I currently view most bug bounty hunting a bit like this - https://www.corsix.org/content/malicious-luajit-bytecode - so any suggestions about where to get started would be interesting. I'm not talking about "this is what XSS is", I'm talking megalists of recent compromises with annotated source code, that sort of thing. That would be both engaging, mentally challenging, and highly educational.
(As an aside, there was that one time I accidentally crashed Uppsala University's PDP-11/70 a few months ago (the logout program may have stepped on some kernel data structures :D), but that was kind of a fluke.)
I've gotten bug bounties from Facebook/Google/Firefox by applying fuzzing to open source projects, using AFL/Libfuzzer. I'd say that fuzzing open source projects are a good, easy way to start security research since its relatively low barrier to entry and can pay good dividends.
Anyways, hoping to get a response from someone I can interview for my project! Please drop me a line if you can help. Happy to answer more questions.
Am I student bug bounty hunter? No. I'm a student that sometimes breaks things and tells people when I do.
Really appreciate your help, questions won't take too long!
Seriously though, I started because I wanted to secure my server. So I looked at how other people secure better severs.

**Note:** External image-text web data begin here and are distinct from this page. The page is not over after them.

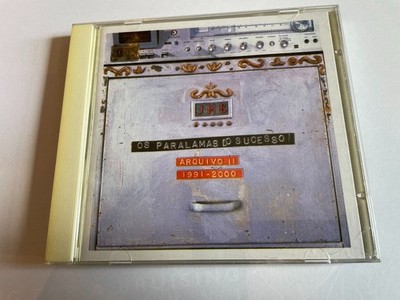 Os Paralamas Do Sucesso -Arquivo II (1991-2000) Brazilian EMI IMPORT CD EX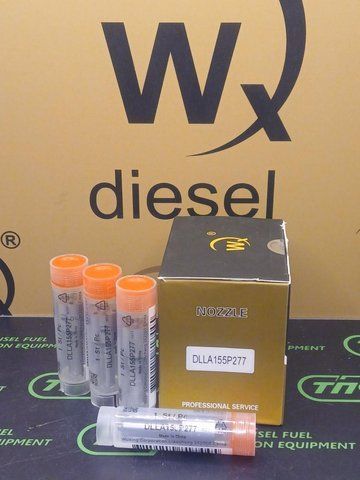 Распылитель дизельной форсунки DLLA 155 P 277 Wx Diesel CUMMINS DLLA155P277 WXD фото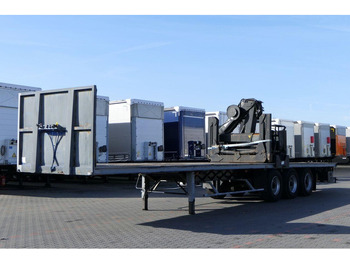 Dropside/ Flatbed semi-trailer SAMRO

Sometimes I looked so deep I found errors, normally little things like leaving a default account set up, or leaving FTP wide open.
If you're looking for some generic response like "Just go to http://hunt4.bugs", I don't think one exists.
Here's some resources - https://forum.bugcrowd.com/t/researcher-resources-how-to-bec...
Haven't done much since though.
Really appreciate your help, and no worries if you're busy!